Un ejemplo extraído de la vida real: estoy hablando por teléfono con un amigo, platicando ligeramente sólo por conversar, por nutrir esa amistad. De pronto, él me dice que me espere, pues le está entrando otra llamada. Se oyen los ruidos característicos de los botones del teléfono al ser oprimidos y luego, el tono de marcar. Hasta ahí llegó la llamada. El zonzo no supo qué botón apachurrar para ponerme en espera y me cortó. Le vuelvo a llamar y él se deshace en disculpas, claro, echándole la culpa al aparato que, por lo visto, es de una complicación que supera sus capacidades técnicas, pese a que él es ingeniero y se dedica a la computación. Nada vale con estos inventos del demonio.

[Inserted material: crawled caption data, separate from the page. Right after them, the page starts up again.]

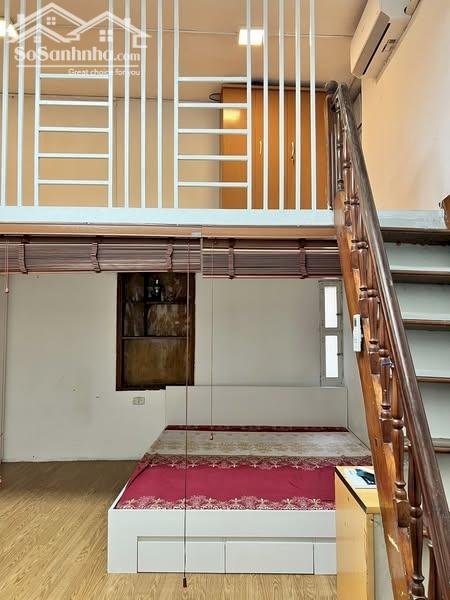 Cho thuê căn hộ Tầng 2 Tập thể  Phố Hàng Quạt 60m2, 2 ngủ,  Full đồ, 9 Triệu/tháng.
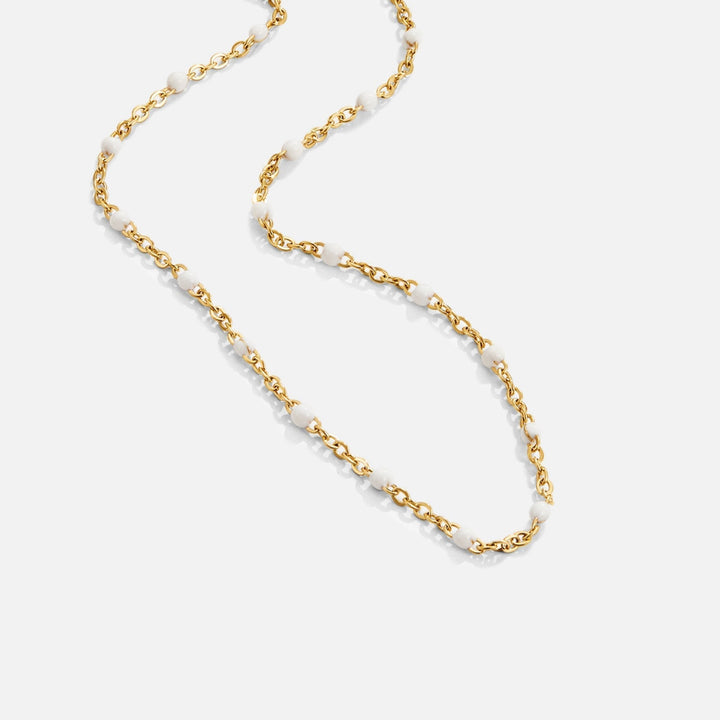 Sabina – Collar dorado suave con mini-perlas.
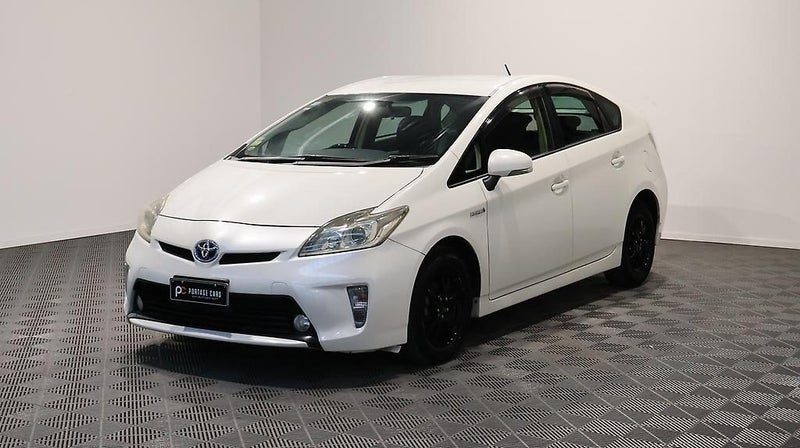 2013 Toyota Prius S, photo 3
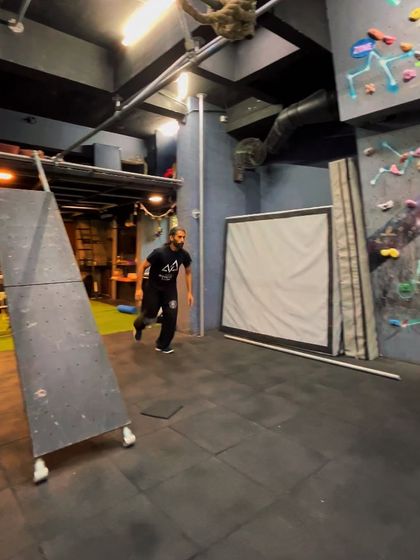 Frame-by-frame breakdown of the barrel roll rotation.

Segundo ejemplo, también sacado de la vida real. Voy en el coche con mi hijo, hablando de planes, sueños y demás temas profundos. Me siento inspirado y estoy a punto de soltar una de esas frases que son capaces de cambiar el curso de la historia cuando, en eso, suena su teléfono celular. Él se limita a levantar el índice para ordenarme silencio, a llevarse el aparato a la oreja, a agachar la cabeza, como si eso le diera la privacidad necesaria para hablar con el inoportuno telefonista, y se clava en una cháchara de varios minutos, de cuya naturaleza mi natural discreción me impide enterarme. Nuestra conversación de corazón a corazón, naturalmente, valió gorro.
Último ejemplo para no cansar al agobiado lector. Marco el número de mi hermana y, tras sonar varias veces, me contesta la grabadora. Una voz en inglés me pide que deje un mensaje. No me sorprende: recuerdo haber oído a mi hermana contar que compró su aparato en la fayuca y que, por más intentos que ha hecho, no ha podido cambiar el saludo que viene de fábrica. Me felicito mentalmente por haber comprado Inglés para todos, pues así puedo entender que, después del tono, debo dejar mi recado. Es en vano. Días después, cuando me encuentro a mi hermana en casa de mi madre y le comento que le he estado dejando recados en su contestadora sin recibir ninguna respuesta, ella me confiesa que aún no ha averiguado cómo escuchar los mensajes; se hace bolas, dice, con los 27 botones de la máquina y lo único que ha logrado hasta la fecha es borrarlos con la tecla que ella supone que sirve para reproducirlos.
No soy luddita ni reniego de los avances tecnológicos. Todo lo contrario: si alguien me asegura que me estuvo llamando y el identificador de llamadas no reporta ninguna, dudo más de las palabras de mi interlocutor que de la capacidad de mi aparato. La tenebrosa zozobra que me invade, pues, es que lejos de ser inepta con las nuevas tecnologías, la gente las pone de pretexto para eludir sus compromisos sociales.